Create a file using following content:

[root@tecadmin ~]# cat /tmp/email.txt


Subject: Terminal Email Send


Email Content line 1

Email Content line 2

Subject: line will be used as subject for email. Now send email using following command:

[root@tecadmin ~]# sendmail [email protected] < /tmp/email.txt

mail Command

mail command is most popular command to send emails from Linux terminal. Use few of below examples to send email:

[root@tecadmin ~]# mail -s "Test Subject" [email protected] < /dev/null

-s is used for defining subject for email. To send email with attachment use:

# mail -a /opt/backup.sql -s "Backup File" [email protected] < /dev/null

-a is used for attachments. Also we can add comma separated emails to send email to multiple recipients together.

# mail -s "Test Email" [email protected],[email protected] < /dev/null

mutt Command

Mutt is basically used for reading mails from Linux terminal from local user mail boxes, also useful to read emails from POP/IMAP servers. Mutt command is little similar to mail command. Use few of below examples to send email.

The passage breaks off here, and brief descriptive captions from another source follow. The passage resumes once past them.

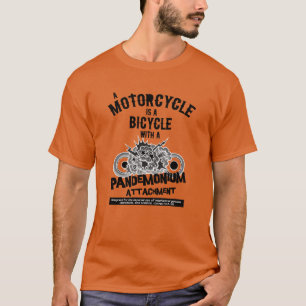Pandemonium Attachment T-Shirt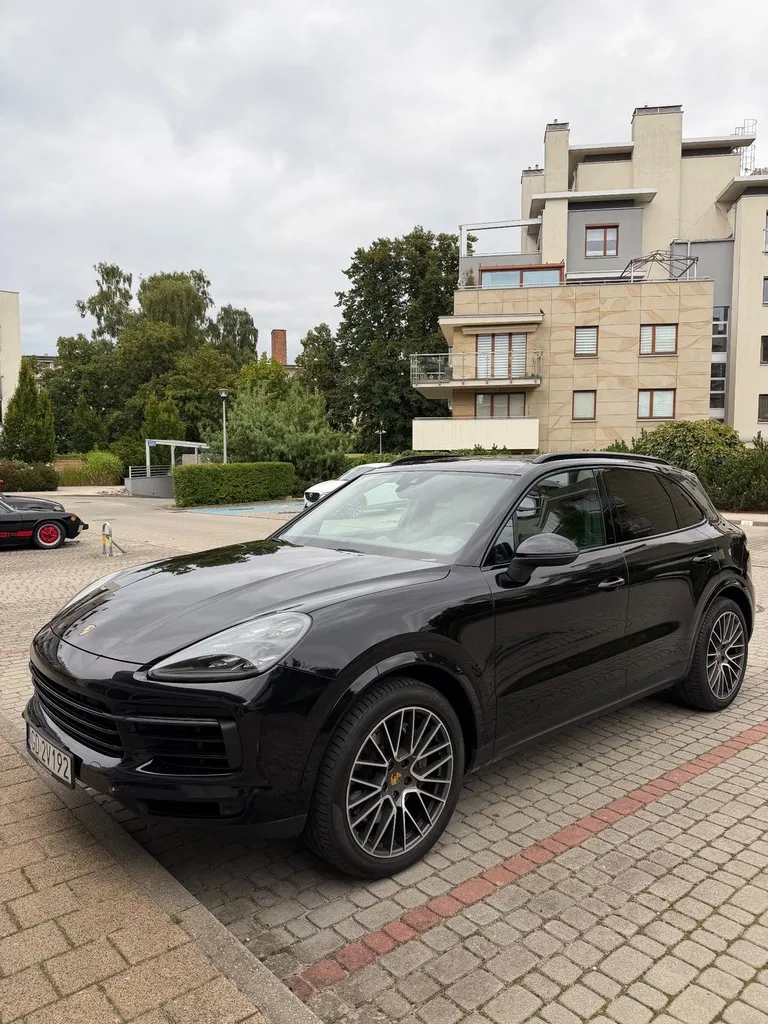 Zdjęcie: 2018 Porsche Cayenne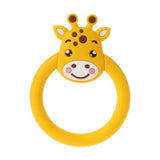 Baby Teether Pacifier Cartoon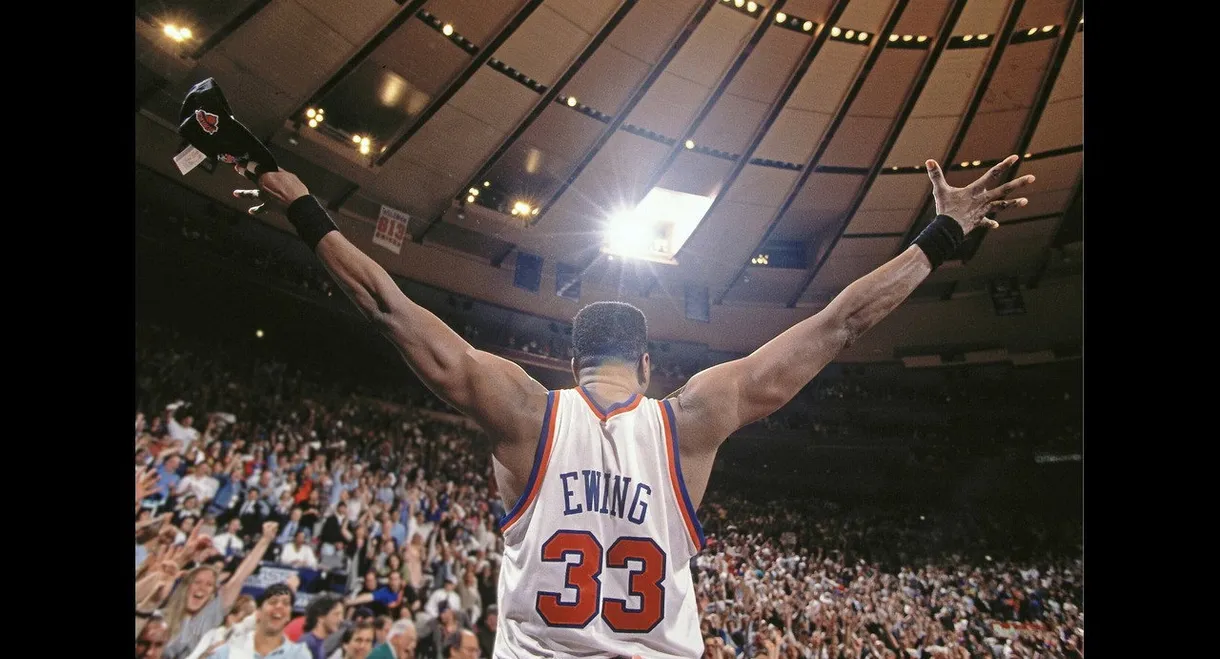 Patrick Ewing - Standing Tall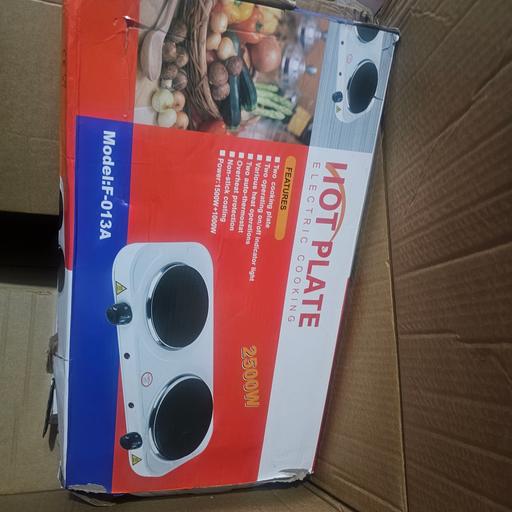 Buy & Sell Chatham Medway - Kent - Photos for NEW Double Hot Plate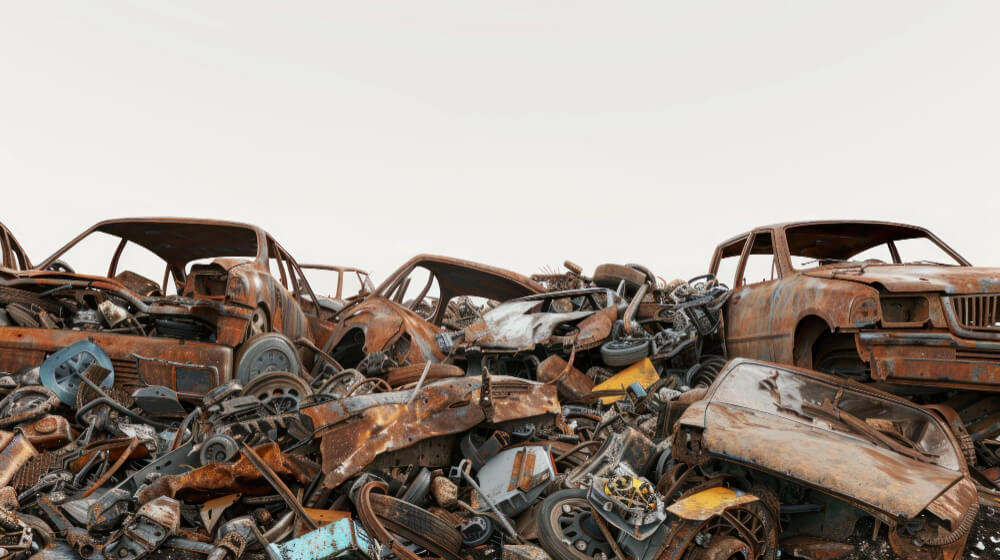 Scrap Metal Buyers That Pick Up: Convenient & Profitable Recycling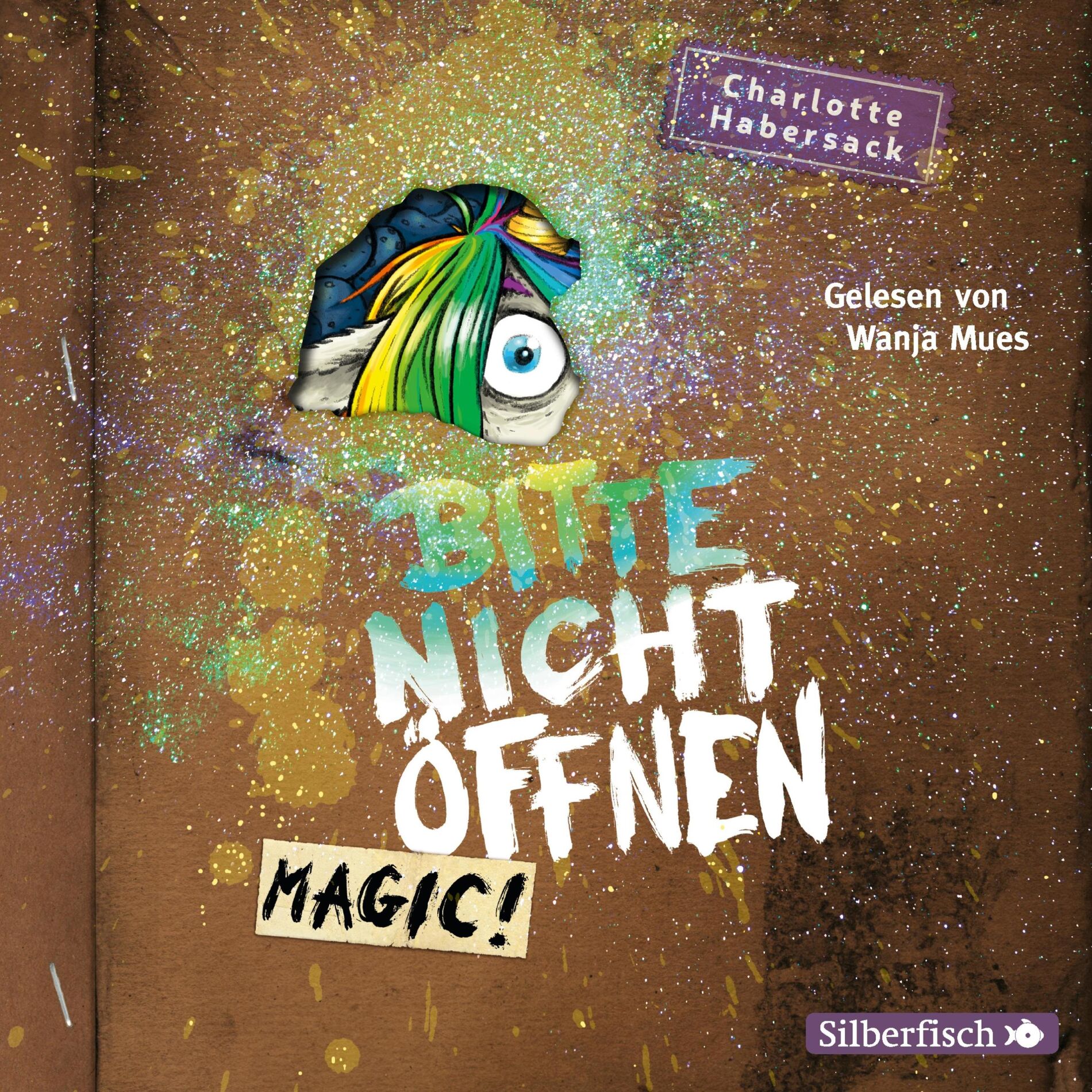 Album cover of Kapitel 1 & Kapitel 2.1 - Bitte nicht öffnen 5: Magic!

# mutt -s "Test Email" [email protected] < /dev/null

Send email including attachment:

# mutt -s "Test Email" -a /opt/backup.sql [email protected] < /dev/null

SSMTP Command

sSMTP allows users to send emails from SMTP server from Linux command line. For example to send email to user [email protected] use following command. Now type your subject of email as below with keyword Subject. After that type your message to be sent to user, After finishing your message press CTRL+d (^d) to send email.

# ssmtp [email protected]

Subject: Test SSMTP Email

Email send test using SSMTP

via SMTP server.

^d

telnet Command

As my experience all system administrators use telnet command to test remote port connectivity test or login to server remotely. Most of newbie in Linux doesn’t know that we can send email using telnet also, which is better way to trouble shoot email sending problems. Below is an example of email sending.

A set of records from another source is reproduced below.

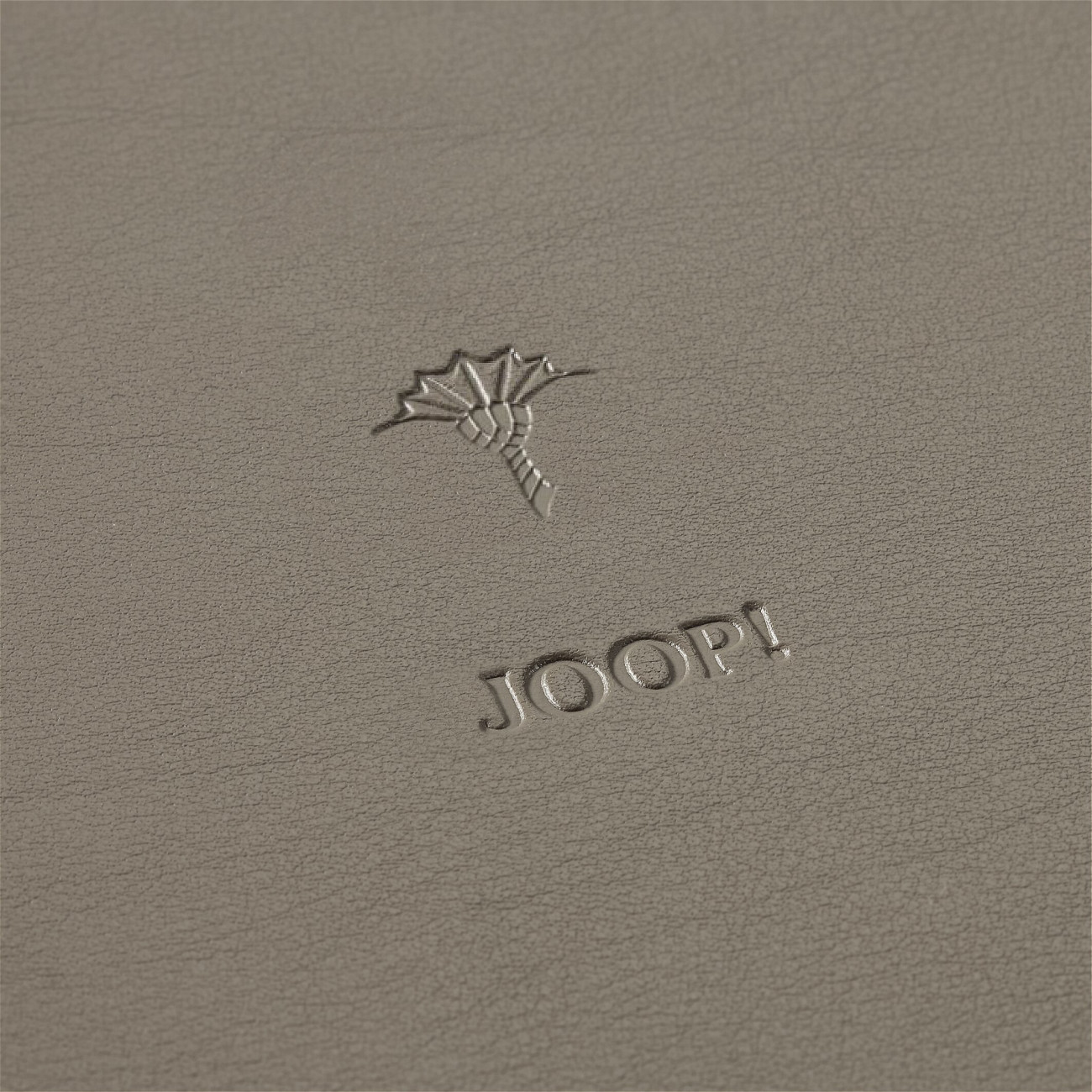 Pudełko z przykrywką duże poziome szare JOOP! Cornflower 022080427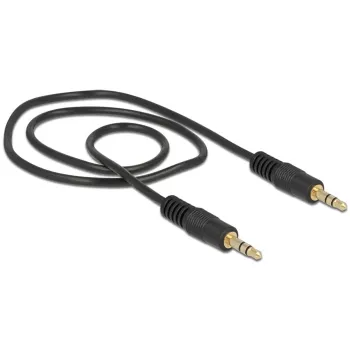 Audio kabelis DeLOCK 0,5 m 3,5 mm M/M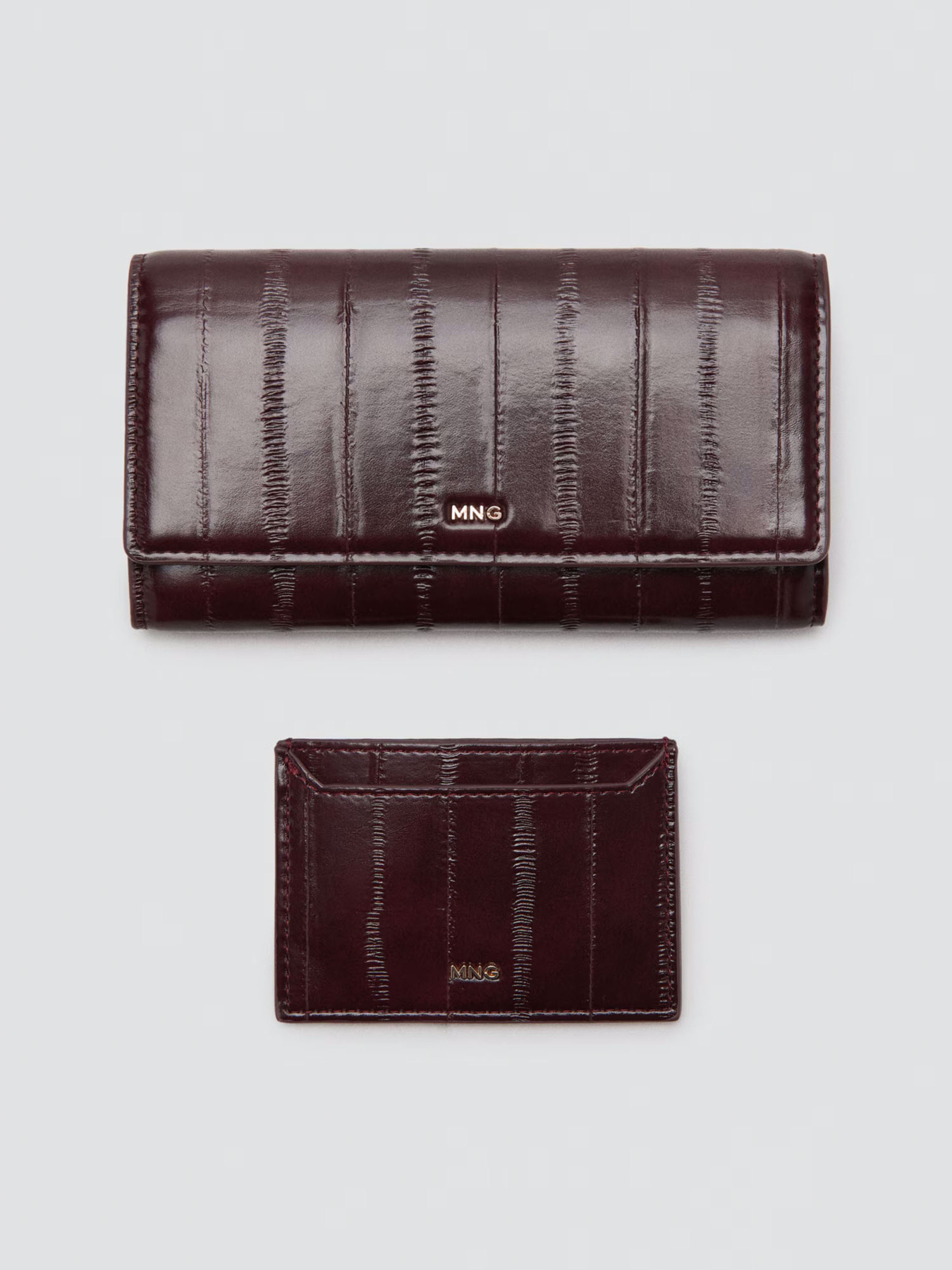 Гаманець MANGO модель 27041276_78 Фото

Orange marked text is the user input and remaining is the responses of that commands.

# telnet localhost smtp


Trying 127.0.0.1...

Connected to localhost.localdomain (127.0.0.1).

Escape character is "^]".

220 fbreveal.com ESMTP Sendmail 8.13.8/8.13.8; Tue, 22 Oct 2013 05:05:59 -0400

HELO yahoo.com

250 tecadmin.net Hello tecadmin.net [127.0.0.1], pleased to meet you

mail from: [email protected]

250 2.1.0 [email protected]... Sender ok

rcpt to: [email protected]

250 2.1.5 [email protected]... Recipient ok

data

354 Enter mail, end with "." on a line by itself

Hey
This is test email only

Thanks
.

250 2.0.0 r9M95xgc014513 Message accepted for delivery

quit

221 2.0.0 fbreveal.com closing connection

Connection closed by foreign host.

Read mails

This is not something interesting and you would not be doing this in a real life scenario. It is just being shown for the sake of it. The mail command can be used to read mails. Just run it without an options and it would list all the mails in your inbox.

# mail

Here’s a sample output

# mail

Heirloom mailx version 12.5 6/20/10. Type ? for help.

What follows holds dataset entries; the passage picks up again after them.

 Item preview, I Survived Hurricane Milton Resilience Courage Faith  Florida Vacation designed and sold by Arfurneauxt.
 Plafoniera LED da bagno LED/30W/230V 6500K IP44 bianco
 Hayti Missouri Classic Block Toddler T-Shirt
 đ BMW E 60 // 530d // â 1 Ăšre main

"/var/mail/enlightened": 7 messages 3 unread

O 1 Enlightened Sat Dec 6 11:33 21/658 sendmail Subject

O 2 Enlightened Sat Dec 6 11:34 773/25549 mail Subject

O 3 Enlightened Sat Dec 6 16:43 20/633 sendmail Subject 2

O 4 Enlightened Sat Dec 6 16:44 20/633 SSMTP Subject

U 5 Mail Delivery Syst Sat Dec 6 16:50 74/2425 Undelivered Mail Returned to Sender

U 6 Enlightened Sat Dec 6 16:51 19/632 Mutts subject 1

U 7 Enlightened Sat Dec 6 16:52 19/647 Mutts subject 2

At the end is q question mark which is an interactive prompt waiting for your command. Simply enter the number of the email you want to read and hit enter. It would open up the mail then. After you are done reading the email, enter "q" and hit enter to come back. Enter z and hit enter to bring back the list of emails.

The mail command by default reads the emails from the directory "/var/mail/". So every user has a separate mail directory. This way of storing and fetching mails is not very useful or practical in real life, where mail address consist of domain name along with username and a single server could be hosting emails for multiple domains.